355 S. 200 West, Beaver, UT

The original black rock cottage was probably built for Joseph Bohn by Thomas Frazer sometime c. 1872, though Mr. Bohn lived across the street and to the north in an adobe house that is still extant. Bohn sold the property to David Levi in 1876, and Levi's second wife in polygamy - Christina Gillis Levi- lived there part-time and raised her family. Circa 1885, Christina and David had the pink rock section of the house built.
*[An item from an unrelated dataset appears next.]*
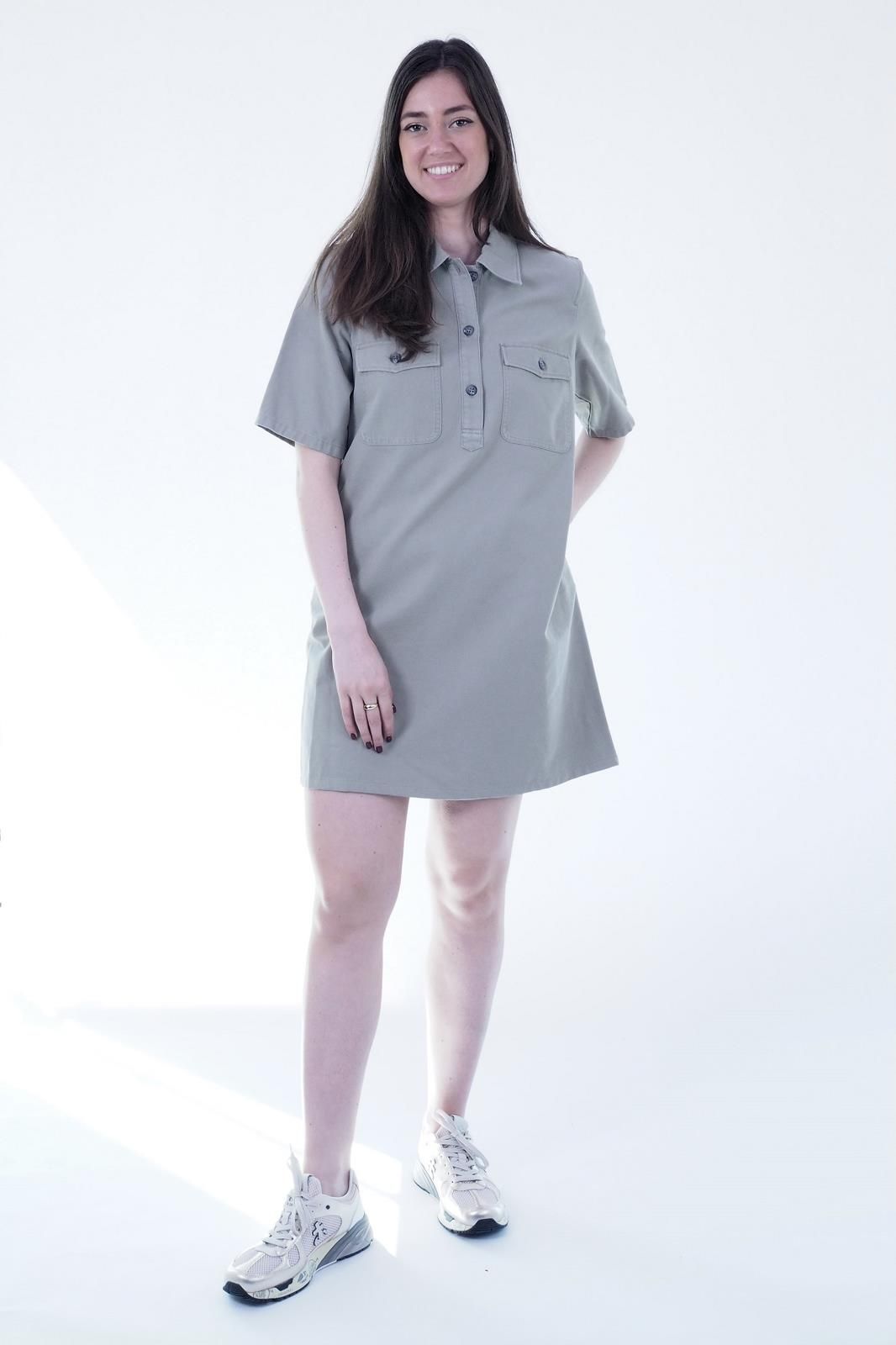 A.P.C. Femme robe Vert A.P.C. Femme robe Vert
Jane Gillies, Christina's mother, also lived in the home, apparently taking care of it when Christina was residing and working at her farm just west of Beaver(there was also a house on this farm). In her book, Butch Cassidy, My Brother, Lula Parker Betenson (Butch's sister) states that her brother was born in Beaver, in 1866, at the home of his maternal grandmother, Jane Gillies. If Butch was born on this property, as many Beaver residents believe he was, it must have been in an early log or adobe cabin that is no longer extant. The earliest possible date of construction for the black rock section (original) would be 1869 when Thomas Frazer first arrived in Beaver According to Butch Cassidy's sister, he was born in 1866, thus pre-dating the earliest possible date for the existing stone house by three years.

The fact that the property was owned by Joseph Bohn until 1876 does not automatically rule out the possibility of the Gillies or Levi family living there earlier. Joseph Bohn lived across the street in an early adobe home and it was not uncommon in Beaver for someone other than the legal owner to be living on a piece of property especially if they were related to the owner in some way.
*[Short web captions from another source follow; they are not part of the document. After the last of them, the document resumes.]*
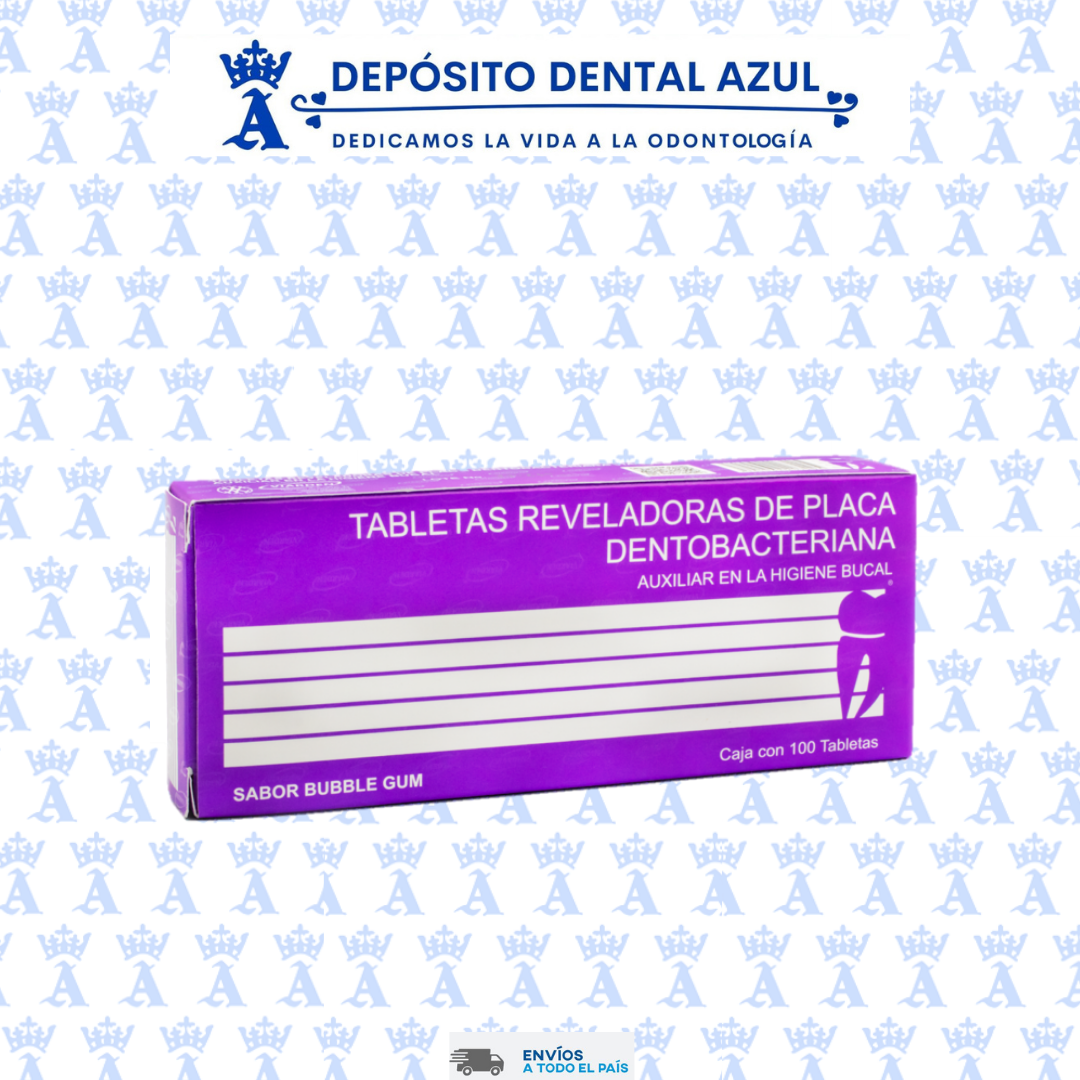 TABLETAS REVELADORAS CAJA VIARDEN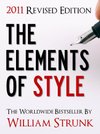 Cover of THE ELEMENTS OF STYLE (UPDATED 2011 EDITION)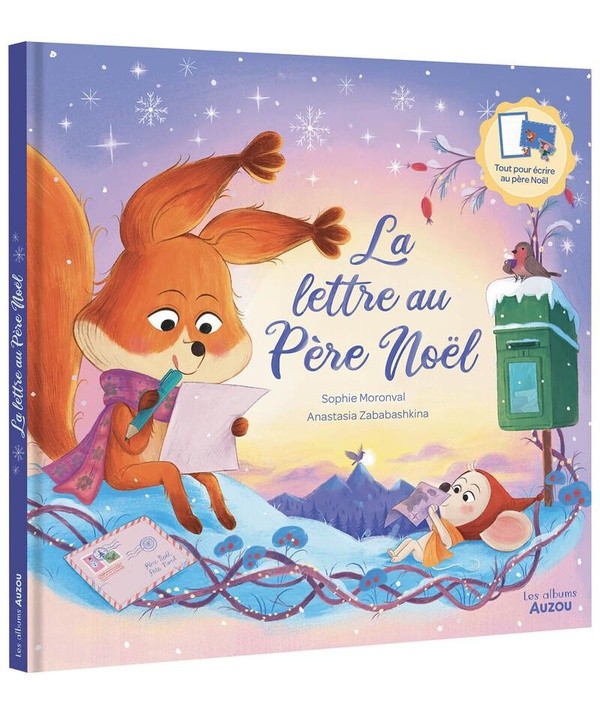 LA LETTRE AU PERE NOEL - TOUT POUR ECRIRE AU PERE NOEL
In conclusion, this author has researched three other homes that were thought by some to be the birthplace of Butch Cassidy. None of those three were likely candidates once even a superficial amount of research was done. This property though probably not this house, has encouraging abstracts, but all in all the documentable facts still remain too sketchy at this time for any definitive conclusions.

Local significance of the building:
Architecture

Listed in National Register of Historic Places in 1982.

The National Register of Historic Places is the official list of the Nation’s historic places worthy of preservation. Authorized by the National Historic Preservation Act of 1966, the National Park Service’s National Register of Historic Places is part of a national program to coordinate and support public and private efforts to identify, evaluate, and protect America’s historic and archeological resources.